(foto Ansa)

ROMA – “Si è svolta a Palazzo Chigi una riunione dedicata alla situazione del connazionale Alberto Trentini, operatore umanitario detenuto in Venezuela, insieme ad altri sette cittadini italo-venezuelani recentemente arrestati. All’incontro hanno preso parte il ministro degli Affari Esteri, Antonio Tajani, il ministro dell’Interno, Matteo Piantedosi, il sottosegretario alla presidenza del Consiglio, Alfredo Mantovano, i vertici dell’Intelligence e il capo della Polizia, Vittorio Pisani. Il ministero degli Affari Esteri e l’ambasciata italiana a Caracas stanno seguendo il caso di Alberto Trentini con la massima attenzione fin dall’inizio, attivando tutti i canali possibili per garantire una soluzione positiva e tempestiva. Il governo ribadisce la necessità di mantenere la massima discrezione da parte della stampa al fine di favorire il buon esito della vicenda.

Nel corso della riunione, il ministro Tajani ha avuto una conversazione telefonica con la madre di Alberto Trentini per esprimere vicinanza e rassicurarla sull’impegno delle istituzioni.

L’OPPOSITRICE BETTY GROSSI: “E’ STATO SFORTUNATO”

“Credo che Alberto Trentini sia soltanto stato sfortunato, perché si è trovato al momento sbagliato nel posto sbagliato; e poi è straniero, più facilmente sospettato e a rischio“. A parlare con l’agenzia Dire è Betty Grossi, oppositrice italo-venezuelana, per oltre due anni detenuta all’Helicoide, la sede del Servicio Bolivariano de Inteligencia Nacional (Sebin).

Secondo quanto riferito dai familiari di Trentini, che ha un passato da cooperante per lo sviluppo in America latina, Etiopia, Nepal, Grecia e Libano, l’italiano era giunto a Caracas il 17 ottobre. Il 15 novembre era stato fermato a un posto di blocco mentre si stava recando in missione a Guasdalito, insieme con l’autista della ong per cui lavorava, Humanity & Inclusion, già Handicap International.

Del tutto differente la vicenda di Grossi, che è impegnata non in progetti di sviluppo ma in politica. L’oppositrice è stata scarcerata nel 2017 insieme con gli attivisti Andrea Gonzalez e Dany Abreu, il primo anche cittadino spagnolo, il secondo anche portoghese. La detenzione dei tre aveva seguito accuse a loro carico di aver pianificato un attentato contro la figlia di Diosdado Cabello, figura di spicco del governo del presidente Nicolas Maduro, al potere a Caracas dal 2013.

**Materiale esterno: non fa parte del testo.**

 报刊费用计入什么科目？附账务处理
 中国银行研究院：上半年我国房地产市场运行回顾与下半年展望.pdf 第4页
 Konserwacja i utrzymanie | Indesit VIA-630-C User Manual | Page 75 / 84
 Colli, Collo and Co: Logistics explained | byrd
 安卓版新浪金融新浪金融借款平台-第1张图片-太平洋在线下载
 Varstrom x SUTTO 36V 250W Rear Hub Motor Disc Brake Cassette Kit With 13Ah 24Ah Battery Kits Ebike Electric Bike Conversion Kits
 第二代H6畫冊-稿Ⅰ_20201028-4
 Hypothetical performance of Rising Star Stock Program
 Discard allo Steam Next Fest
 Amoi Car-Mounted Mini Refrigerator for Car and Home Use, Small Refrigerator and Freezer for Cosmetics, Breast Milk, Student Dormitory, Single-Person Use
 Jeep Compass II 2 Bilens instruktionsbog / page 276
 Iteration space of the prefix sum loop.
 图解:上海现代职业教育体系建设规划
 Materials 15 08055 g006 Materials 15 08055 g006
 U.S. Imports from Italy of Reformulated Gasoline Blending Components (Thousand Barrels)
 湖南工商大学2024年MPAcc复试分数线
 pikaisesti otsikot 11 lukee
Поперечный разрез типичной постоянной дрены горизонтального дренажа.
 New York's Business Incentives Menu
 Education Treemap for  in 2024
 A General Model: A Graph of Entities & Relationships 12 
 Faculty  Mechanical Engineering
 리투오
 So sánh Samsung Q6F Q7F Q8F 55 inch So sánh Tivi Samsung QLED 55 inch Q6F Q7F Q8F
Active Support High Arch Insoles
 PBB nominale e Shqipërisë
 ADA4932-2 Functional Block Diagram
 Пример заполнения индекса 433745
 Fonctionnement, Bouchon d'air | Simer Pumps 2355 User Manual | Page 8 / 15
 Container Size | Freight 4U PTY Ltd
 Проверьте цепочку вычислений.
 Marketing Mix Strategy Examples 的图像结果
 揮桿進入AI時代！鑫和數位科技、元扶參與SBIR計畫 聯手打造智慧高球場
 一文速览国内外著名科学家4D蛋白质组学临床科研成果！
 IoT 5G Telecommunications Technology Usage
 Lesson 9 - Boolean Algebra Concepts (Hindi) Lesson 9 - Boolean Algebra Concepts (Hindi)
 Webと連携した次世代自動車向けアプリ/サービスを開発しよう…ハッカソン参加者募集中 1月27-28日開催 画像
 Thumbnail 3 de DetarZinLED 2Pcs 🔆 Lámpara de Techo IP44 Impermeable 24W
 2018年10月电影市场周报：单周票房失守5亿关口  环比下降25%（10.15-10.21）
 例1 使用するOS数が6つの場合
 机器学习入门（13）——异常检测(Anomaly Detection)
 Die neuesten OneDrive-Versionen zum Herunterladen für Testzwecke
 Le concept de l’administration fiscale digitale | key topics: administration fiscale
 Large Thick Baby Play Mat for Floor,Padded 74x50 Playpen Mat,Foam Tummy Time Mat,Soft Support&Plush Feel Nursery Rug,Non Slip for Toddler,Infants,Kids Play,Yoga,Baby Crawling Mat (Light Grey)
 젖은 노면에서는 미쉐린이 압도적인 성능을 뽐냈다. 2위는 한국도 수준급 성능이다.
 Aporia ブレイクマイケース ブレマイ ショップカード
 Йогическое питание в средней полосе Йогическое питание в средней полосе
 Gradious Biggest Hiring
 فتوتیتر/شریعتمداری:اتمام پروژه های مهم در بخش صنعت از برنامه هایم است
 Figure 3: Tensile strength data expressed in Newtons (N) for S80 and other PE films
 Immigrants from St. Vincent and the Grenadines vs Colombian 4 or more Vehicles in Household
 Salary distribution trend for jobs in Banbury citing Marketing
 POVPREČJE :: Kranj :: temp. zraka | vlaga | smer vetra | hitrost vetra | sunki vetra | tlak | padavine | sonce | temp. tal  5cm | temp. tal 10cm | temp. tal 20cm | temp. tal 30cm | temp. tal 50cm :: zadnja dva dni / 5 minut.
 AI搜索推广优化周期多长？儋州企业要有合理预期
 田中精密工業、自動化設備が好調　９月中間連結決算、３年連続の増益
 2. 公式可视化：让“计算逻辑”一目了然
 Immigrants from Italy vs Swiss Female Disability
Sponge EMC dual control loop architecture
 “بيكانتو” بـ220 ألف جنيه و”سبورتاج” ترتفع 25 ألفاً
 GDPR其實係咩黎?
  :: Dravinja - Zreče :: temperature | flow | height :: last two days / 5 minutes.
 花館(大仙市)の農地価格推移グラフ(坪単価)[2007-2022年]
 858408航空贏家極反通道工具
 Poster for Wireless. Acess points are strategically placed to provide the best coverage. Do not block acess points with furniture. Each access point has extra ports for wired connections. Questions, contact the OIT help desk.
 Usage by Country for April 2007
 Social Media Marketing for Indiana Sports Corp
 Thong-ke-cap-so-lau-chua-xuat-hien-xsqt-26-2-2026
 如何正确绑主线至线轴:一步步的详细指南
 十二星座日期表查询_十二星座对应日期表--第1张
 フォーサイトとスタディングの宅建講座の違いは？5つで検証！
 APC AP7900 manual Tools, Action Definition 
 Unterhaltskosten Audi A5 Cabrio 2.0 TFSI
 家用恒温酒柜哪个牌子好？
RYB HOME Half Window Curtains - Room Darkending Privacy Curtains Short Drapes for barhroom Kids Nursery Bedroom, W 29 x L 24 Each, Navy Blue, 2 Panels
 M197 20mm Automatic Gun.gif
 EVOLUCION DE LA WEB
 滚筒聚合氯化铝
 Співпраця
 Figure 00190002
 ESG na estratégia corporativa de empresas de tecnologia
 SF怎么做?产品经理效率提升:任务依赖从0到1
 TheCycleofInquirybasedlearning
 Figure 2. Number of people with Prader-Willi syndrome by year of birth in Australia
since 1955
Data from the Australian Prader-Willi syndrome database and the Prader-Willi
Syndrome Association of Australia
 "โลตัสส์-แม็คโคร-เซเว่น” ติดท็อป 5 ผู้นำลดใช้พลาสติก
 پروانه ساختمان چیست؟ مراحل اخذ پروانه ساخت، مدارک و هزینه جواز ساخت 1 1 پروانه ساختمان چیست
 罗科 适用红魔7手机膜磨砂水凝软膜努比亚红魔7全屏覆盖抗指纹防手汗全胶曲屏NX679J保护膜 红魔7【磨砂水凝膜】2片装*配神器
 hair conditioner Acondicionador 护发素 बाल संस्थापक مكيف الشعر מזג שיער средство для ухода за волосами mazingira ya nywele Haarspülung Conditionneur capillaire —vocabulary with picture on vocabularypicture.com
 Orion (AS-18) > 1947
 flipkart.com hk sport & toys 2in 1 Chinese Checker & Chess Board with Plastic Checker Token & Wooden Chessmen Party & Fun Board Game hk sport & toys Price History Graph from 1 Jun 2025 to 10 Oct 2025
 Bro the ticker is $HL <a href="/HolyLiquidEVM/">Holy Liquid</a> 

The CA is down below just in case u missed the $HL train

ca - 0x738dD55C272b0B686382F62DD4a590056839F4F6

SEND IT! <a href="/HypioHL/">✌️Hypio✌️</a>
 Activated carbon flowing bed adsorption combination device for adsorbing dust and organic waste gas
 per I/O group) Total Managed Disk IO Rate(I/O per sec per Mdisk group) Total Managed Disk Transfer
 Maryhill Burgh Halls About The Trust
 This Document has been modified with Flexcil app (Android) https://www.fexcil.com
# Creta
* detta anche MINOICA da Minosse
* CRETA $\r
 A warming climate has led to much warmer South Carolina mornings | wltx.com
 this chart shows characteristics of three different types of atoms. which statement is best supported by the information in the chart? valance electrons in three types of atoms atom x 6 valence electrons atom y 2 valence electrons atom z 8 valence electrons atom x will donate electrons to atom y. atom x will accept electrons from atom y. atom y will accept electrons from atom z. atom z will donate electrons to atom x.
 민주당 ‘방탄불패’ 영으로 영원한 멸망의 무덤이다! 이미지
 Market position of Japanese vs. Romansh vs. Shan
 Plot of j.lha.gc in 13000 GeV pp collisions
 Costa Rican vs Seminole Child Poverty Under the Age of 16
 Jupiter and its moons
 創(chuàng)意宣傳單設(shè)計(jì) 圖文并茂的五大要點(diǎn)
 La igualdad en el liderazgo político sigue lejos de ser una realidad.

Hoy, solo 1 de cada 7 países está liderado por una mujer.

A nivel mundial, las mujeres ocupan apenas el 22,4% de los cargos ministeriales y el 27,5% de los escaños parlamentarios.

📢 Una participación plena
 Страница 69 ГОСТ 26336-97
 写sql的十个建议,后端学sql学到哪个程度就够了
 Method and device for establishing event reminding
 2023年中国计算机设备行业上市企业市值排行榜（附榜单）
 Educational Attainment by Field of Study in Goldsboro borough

La tesi di Grossi è che Trentini, pur essendo innocente, sia stato vittima di un contesto politico segnato da “anni di repressione” in un periodo particolarmente delicato, tra le elezioni del luglio scorso e il nuovo giuramento del capo dello Stato del 10 gennaio: una fase segnata a più riprese da manifestazioni di piazza con anche proteste e disordini.

Ieri Tajani ha riferito di aver chiesto all’incaricato di affari che Caracas garantisca l’assistenza consolare al 45enne e che lo scarceri al più presto. “Ci sono anche altri otto detenuti italo-venezuelani nelle carceri in Venezuela” ha detto il ministro. “Abbiamo ribadito la richiesta della liberazione del nostro concittadino e degli altri prigionieri politici”.

Ad alimentare le tensioni bilaterali è il mancato riconoscimento della rielezione di Maduro da parte di Roma, nonostante l’esito del voto sia stato confermato a Caracas dalla Corte suprema di giustizia. L’Italia ha assunto la posizione degli Stati Uniti e della Gran Bretagna, condivisa dal Parlamento Ue ma non da tutti i governi europei, secondo la quale il vero vincitore del voto del luglio scorso sarebbe stato Edmundo Gonzalez Urrutia.

Rispetto al caso di Trentini, Grossi dice di far riferimento alla propria esperienza. “Essendo innocente”, sottolinea, “lo terranno segregato senza che possa comunicare o dare notizie ancora per un po’”. Preoccupazione, nella consapevolezza della necessità della massima cautela, è condivisa con l’agenzia Dire da più operatori impegnati nel mondo della cooperazione.